But now I have a new video card and, although I am enjoying Ark Survival, there are other games I’d like to get back to that only run in Windows. I’m not sure where to start though - I’m not even sure what this error means. Windows at some point also mentions not being able to access the boot device which doesn’t make a lot of sense. I’ve run boot-repair from a live Ubuntu session and it reports nothing wrong. All the files that should be there arethere and the partitions are all correct and accounted for.
Any suggestions? What does this error actuallymean?
Hi @Moilleadoir.
Are you sure that it starts with a C? Or it is 0x0000007B?
Asking because 0xc000007B and 0x0000007B are two different things; the first one is an application error status generally not effecting booting and the second one is a bugcheck code that does not let windows boot.
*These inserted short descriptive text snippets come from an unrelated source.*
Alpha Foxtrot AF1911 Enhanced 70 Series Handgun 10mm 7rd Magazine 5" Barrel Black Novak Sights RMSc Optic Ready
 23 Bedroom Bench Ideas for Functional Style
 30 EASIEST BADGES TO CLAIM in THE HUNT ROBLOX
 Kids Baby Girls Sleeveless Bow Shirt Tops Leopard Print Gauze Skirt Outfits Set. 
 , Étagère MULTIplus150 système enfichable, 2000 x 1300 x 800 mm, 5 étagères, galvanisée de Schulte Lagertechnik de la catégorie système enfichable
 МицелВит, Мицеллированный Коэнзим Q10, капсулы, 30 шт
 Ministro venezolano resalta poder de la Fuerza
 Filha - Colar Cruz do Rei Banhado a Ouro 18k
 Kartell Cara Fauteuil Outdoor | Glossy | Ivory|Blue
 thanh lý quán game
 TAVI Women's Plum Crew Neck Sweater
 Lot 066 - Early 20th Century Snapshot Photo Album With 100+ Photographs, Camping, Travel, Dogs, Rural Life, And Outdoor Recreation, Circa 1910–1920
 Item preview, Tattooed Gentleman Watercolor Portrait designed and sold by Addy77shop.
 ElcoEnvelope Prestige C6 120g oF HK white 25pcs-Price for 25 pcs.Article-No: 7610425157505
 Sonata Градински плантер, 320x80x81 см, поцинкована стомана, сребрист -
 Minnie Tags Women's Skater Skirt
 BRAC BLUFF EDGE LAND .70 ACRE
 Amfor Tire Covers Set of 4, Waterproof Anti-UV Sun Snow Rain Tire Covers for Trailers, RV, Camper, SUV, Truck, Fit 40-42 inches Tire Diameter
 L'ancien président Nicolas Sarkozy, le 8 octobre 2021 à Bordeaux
We can start troubleshooting after your reply.
Also let us know how the dual boot is configured. Are the OSs in two different physical disks or in a same disk? Which is the bootloader ... windows boot manager or GRUB?
It definitely says 0xc000007b but it happens during boot. I never get as far as the lockscreen.
Both OS are installed on the same SSD. Windows 10 was installed first. GRUB handles boot.
0xC000007B reads as STATUS_INVALID_IMAGE_FORMAT. The explanation is ....First, boot into the BIOS, disable Secure boot if it is enabled.{Bad Image} %hsis either not designed to run on Windows or it contains an error. Try installing the program again using the original installation media or contact your system administrator or the software vendor for support.
Also, update GRUB. If any boot entry is corrupted, it will rectify that.
It boots up, but not reaches upto the lock screen, that gives a hint something of the startup items are causing the issue.
If Windows is the default boot option in GRUB, then you may use the Windows 10 Recovery Tools and try to do a Clean Boot. I am not sure how much it will be effective if Windows is not the first boot option.
Personally during my long time of troubleshooting Windows 7, I have noticed that if GRUB is placed in the same physical HDD with Windows, it may corrupt Windows boot beyond repair. The safe way to dual boot with Ubuntu is to use Wubi and not ues GRUB as the bootloader.
Using Wubi is a rather silly suggestion. That is definitely not going to happen. Putting all my eggs in the Windows basket has lead to much more trouble than anything GRUB can dish out. I have never seen it ‘corrupt Windows boot beyond repair’ though it’s possible to break anything if you try hard enough.
GRUB defaults to the last choice so that’s much the same (if not quite the same) as Windows being the first entry. I’m not sure it should matter anyway so long as I can always choose the Windows boot entry.
The post about doing a clean boot seems to assume you’d be doing it from a working install. Will this also work from a USB boot? If this is the problem then it sounds like Windows has installed a broken driver. Is there any way to stop it doing that again?